The online diary of a gay courtesan.

I do: The countdown…

I can’t believe how nervous and giddy I am…

In 10 weeks I am going to be 36 years old, and I am going to complete a process that began years ago: I am going to marry myself. I first mentioned this on the blog in December, 2010; however, I had the idea in December, 2008. I began a process of paying down fraud debt, and in December, 2009 I selected my engagement band. I took possession of the band and made my announcement. When I picked up the engagement band I also selected the wedding solitaire to accompany it. A year later, in December, 2011 I took possession of that ring as well.
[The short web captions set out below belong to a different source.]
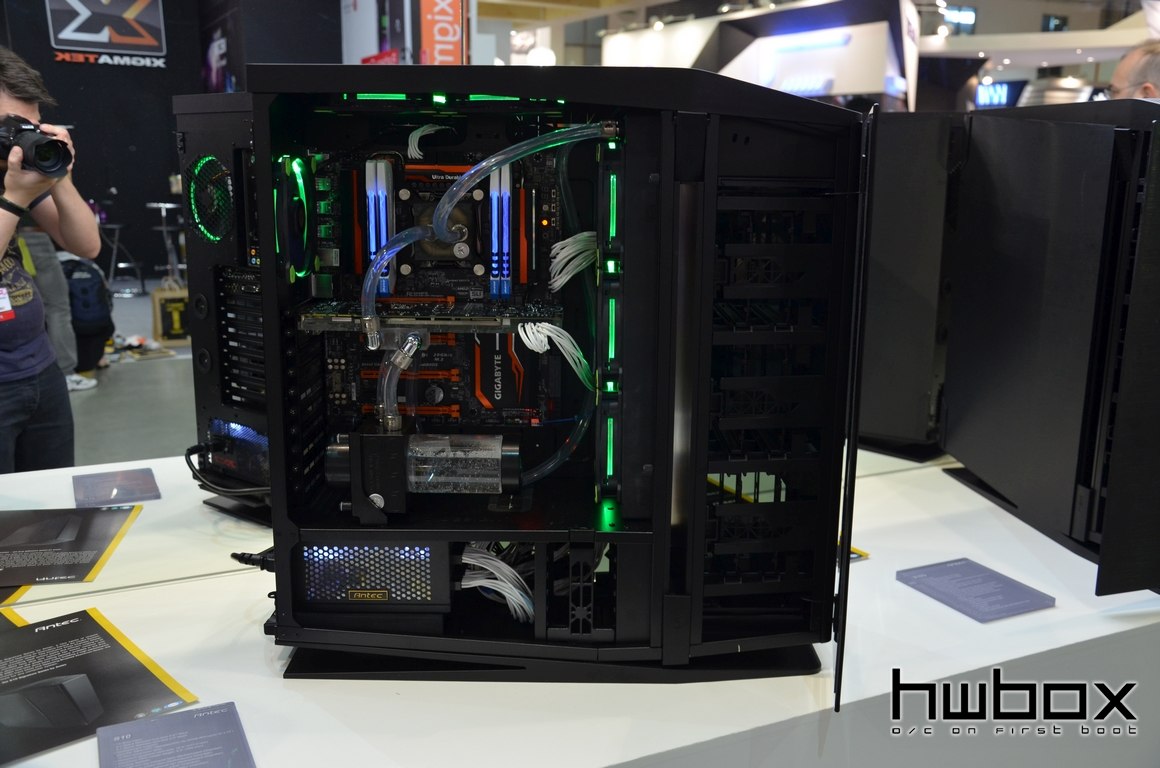 Computex 2015: Antec Booth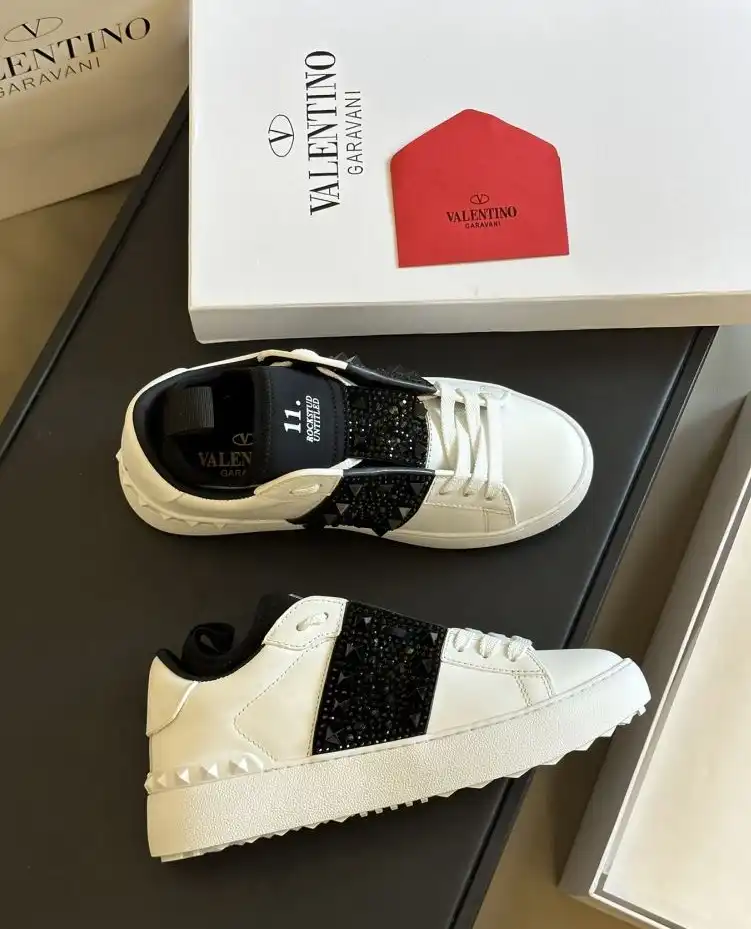 hype Louis Vuitton Sneakers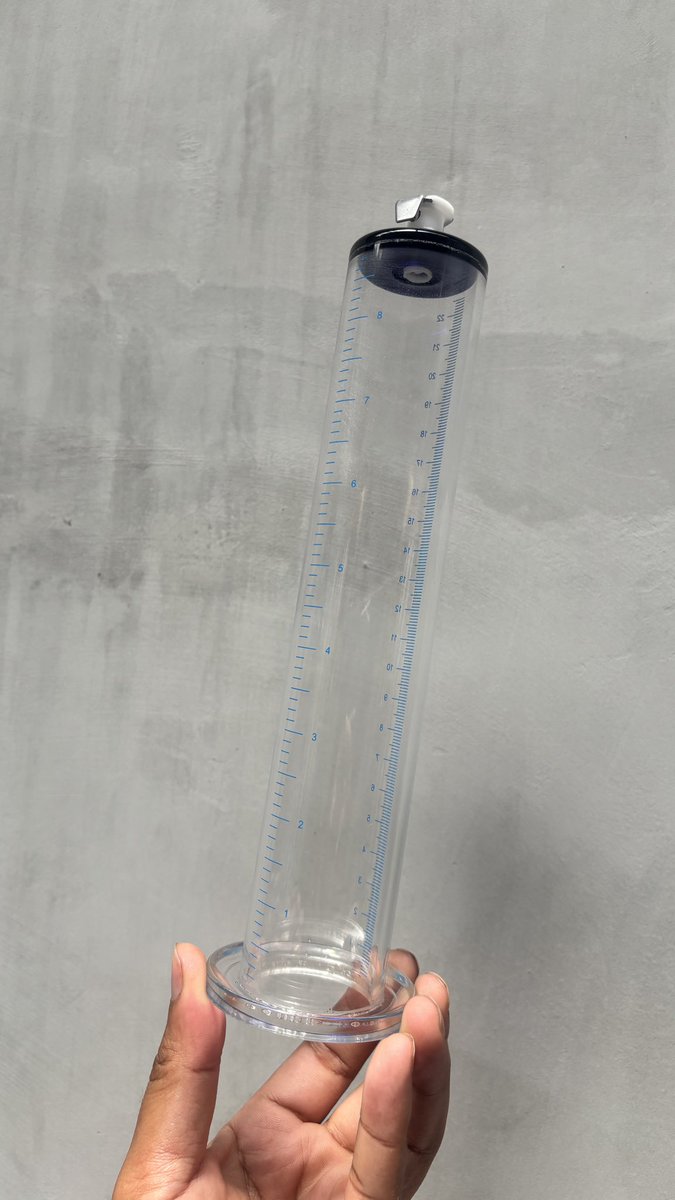 minnextdoor_'s tweet photo. Ada orang tanya, pam aku x sedut kulit telur ke. Jawapan tak. Sebab size tube aku ngam2 size batang. And pam aku ada gauge. Kalau terlebih pressure, mmg akan sedut. So gradually increase pressure boleh prevent kulit telur tersedut. https://t.co/DkmLGLe2qH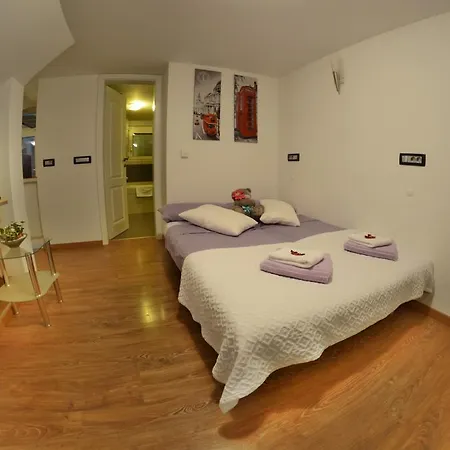 Arpa Apartment *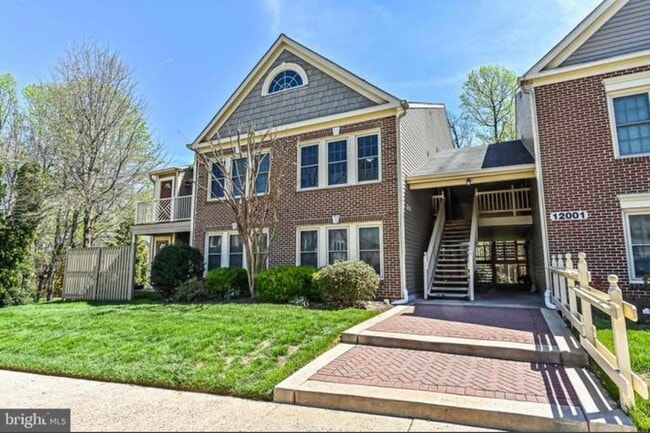 12001 Ridge Knoll Dr, Unit 805A in Fairfax, VA - Building Photo - Building Photo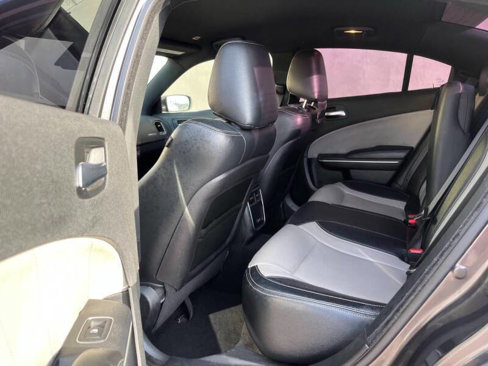 Used 2020 Dodge Charger SXT image 8
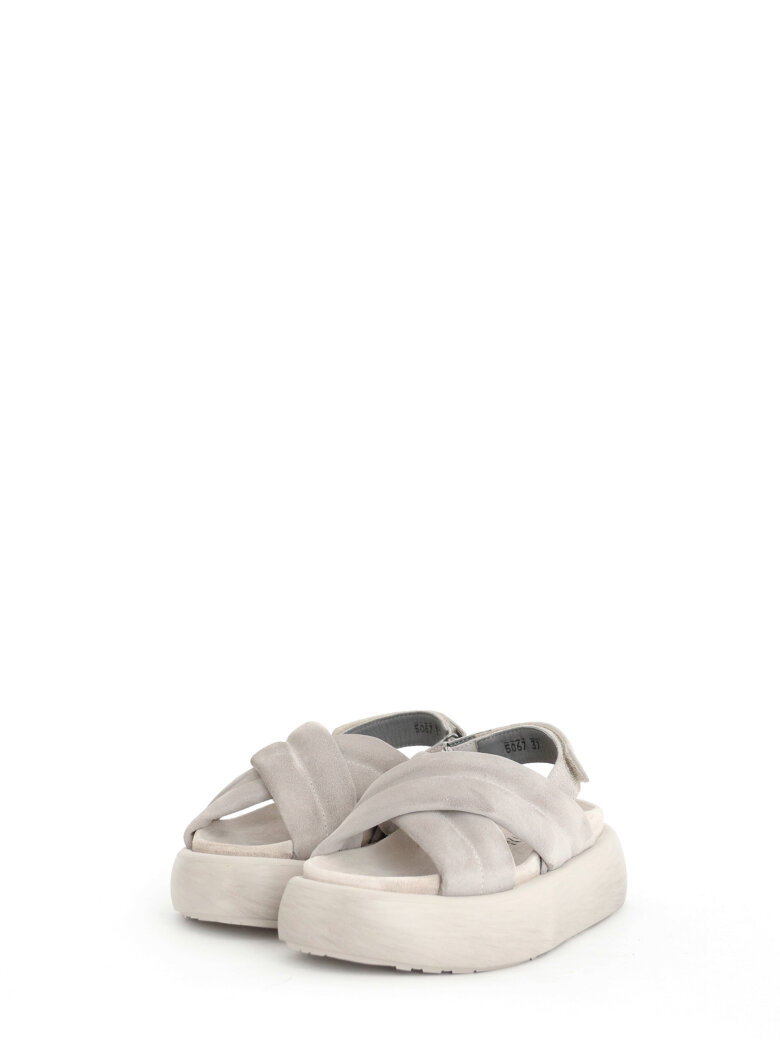 Lofina - Sandal in suede with velcro closure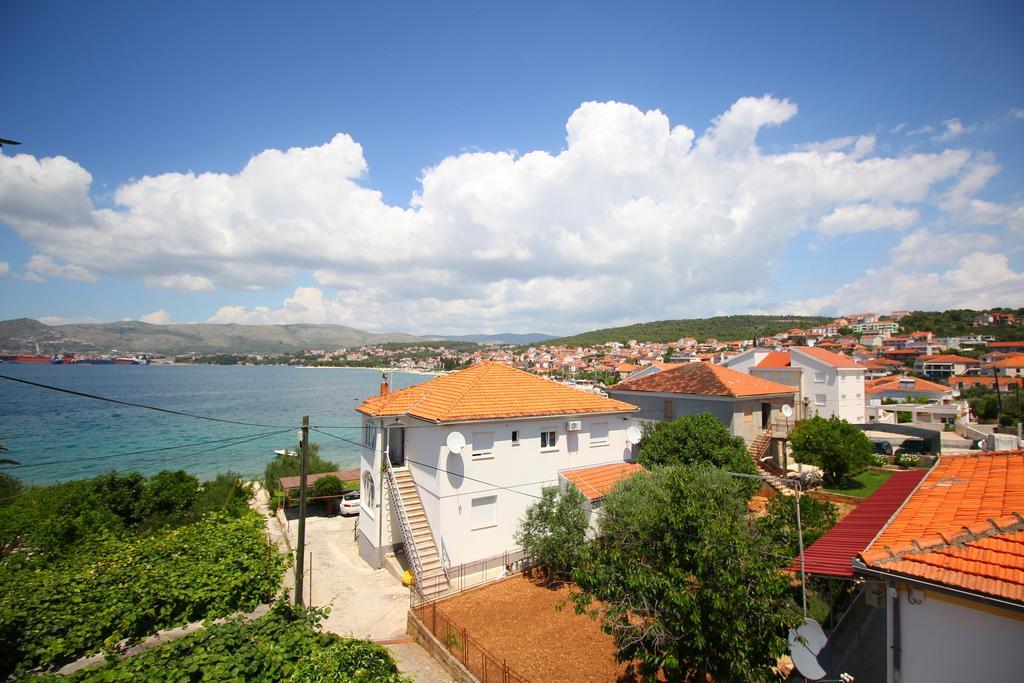 Apartments Tonka Trogir Room photo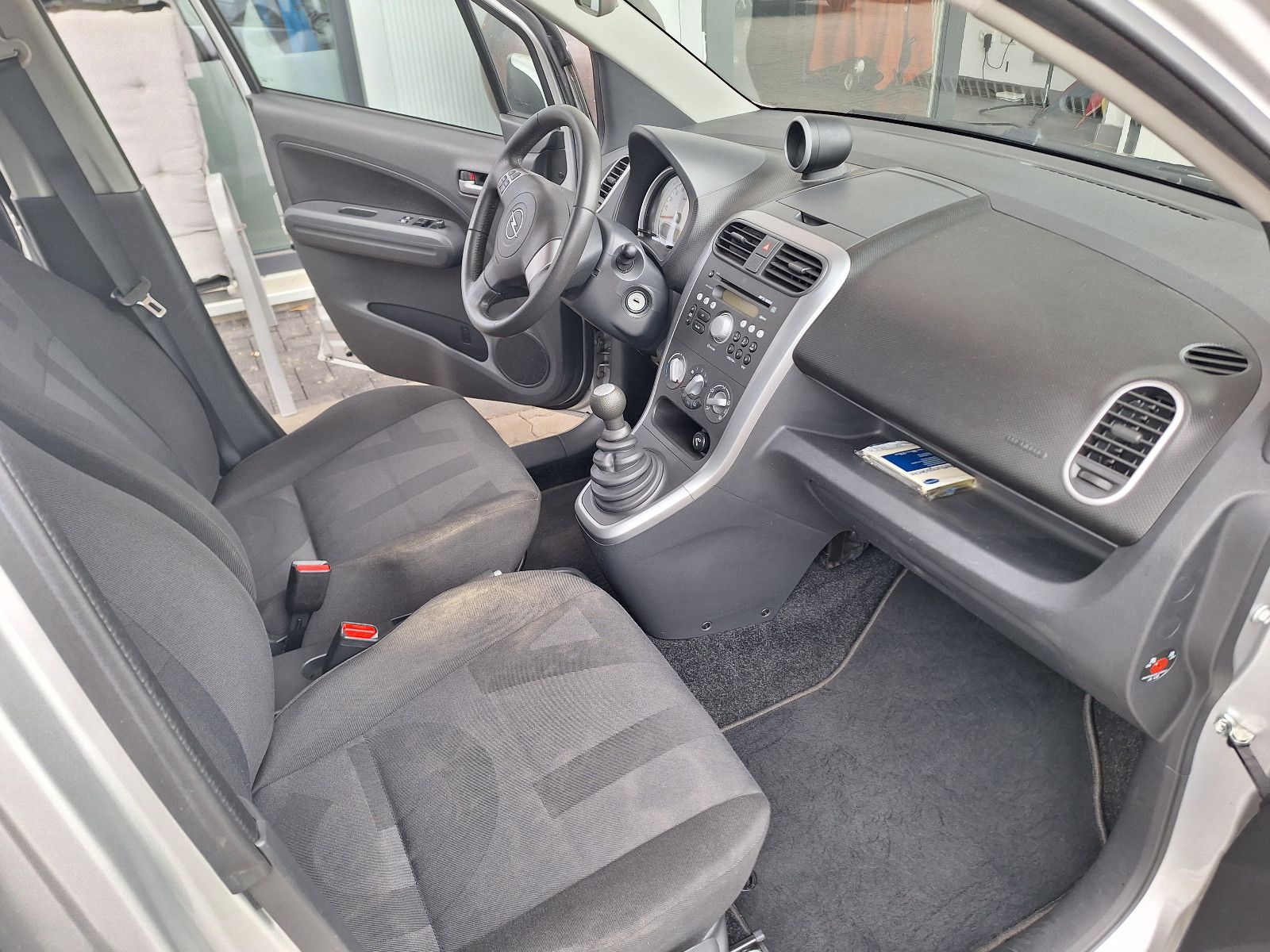 Fahrzeugabbildung Opel Agila B Edition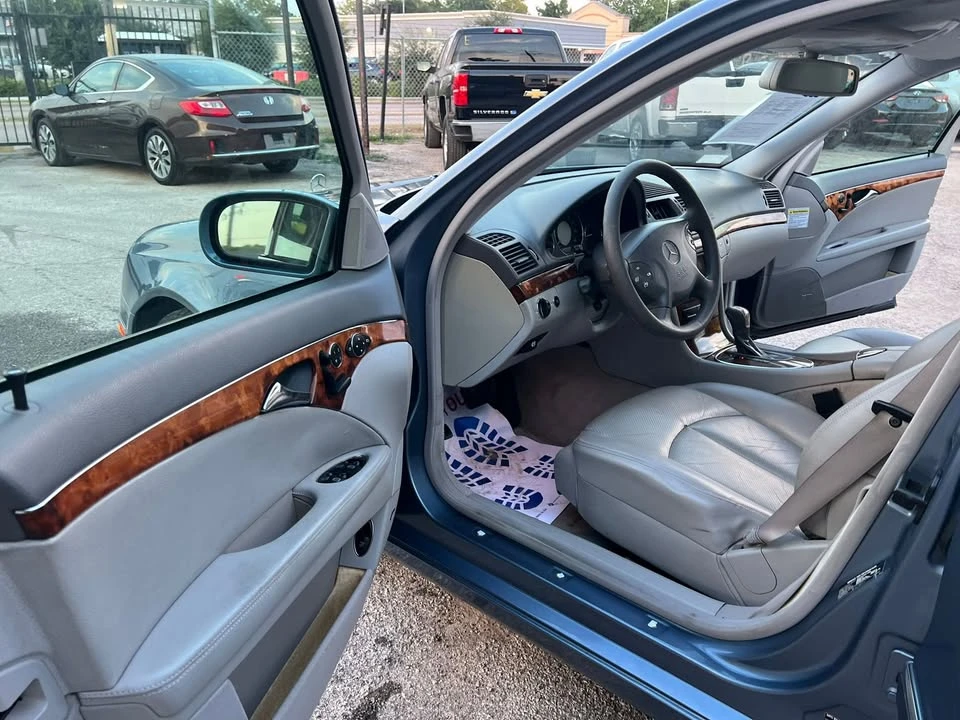 2004 Mercedes-Benz W211 E-Class - Image 16 of 20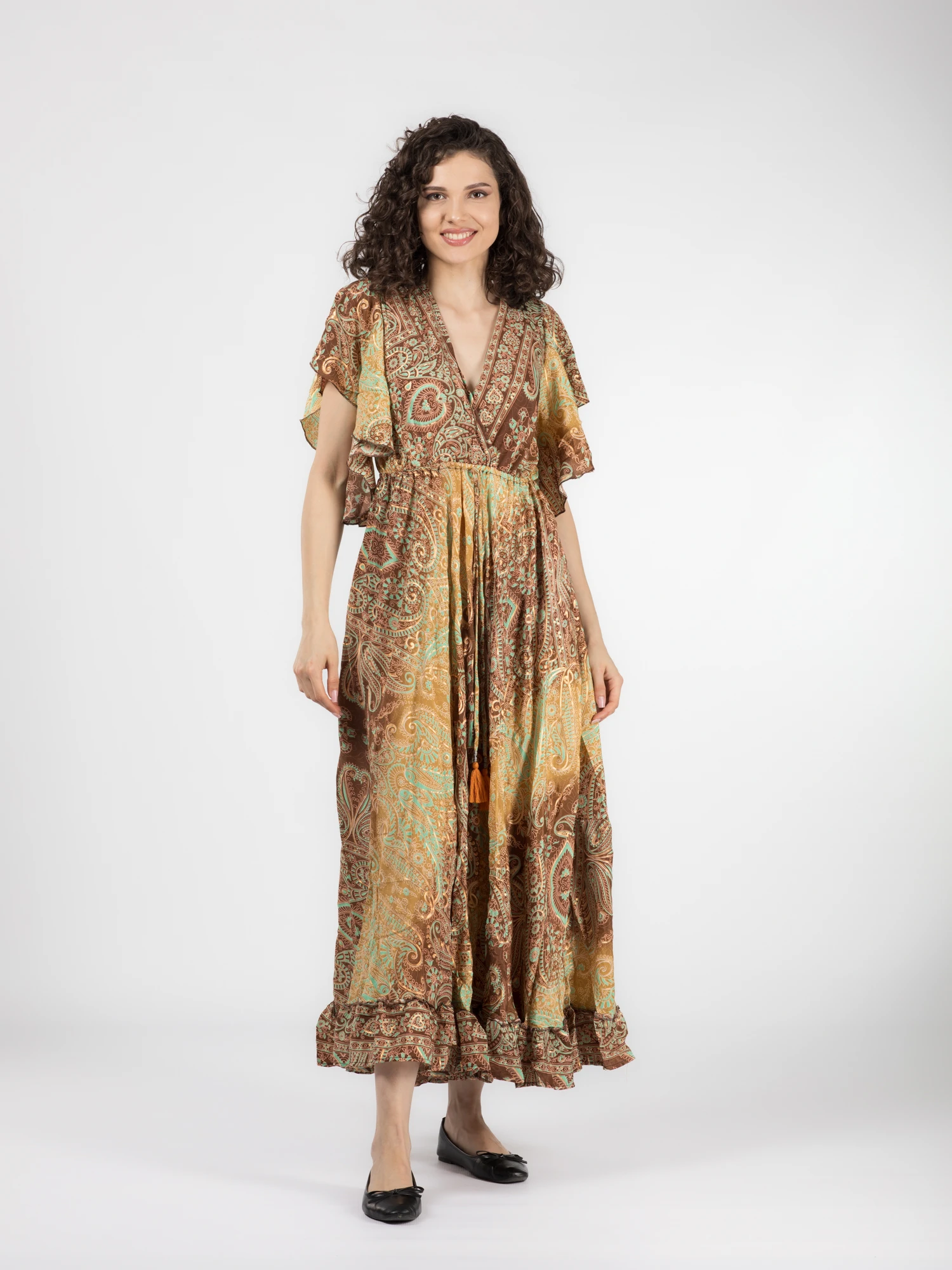 Rochii - Rochie boho lungă din material fluid cu decolteu romantic și detalii aurii - Model 6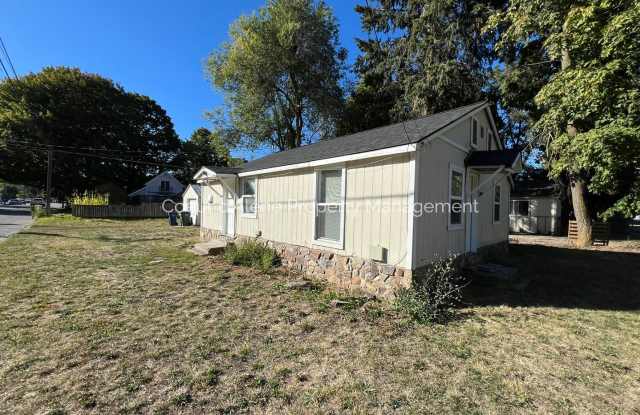 2 bed, 1 bath in great Mid Town location! photos photos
Tonight I finalized the order for what I plan to wear for the ceremony. I don’t care for current men’s fashion – it’s so… drab and uninspired. I wanted to get a formal outfit that I could wear not only for my wedding, but also to special occasions that require socializing in a formal environment. I decided I wanted an outfit with some real character, and I was very happy to find GentlemensEmporium.com, where they focus on styles from the 19th century. Now THAT is an outfit worth wearing out! One must cut a figure, n’est-ce pas?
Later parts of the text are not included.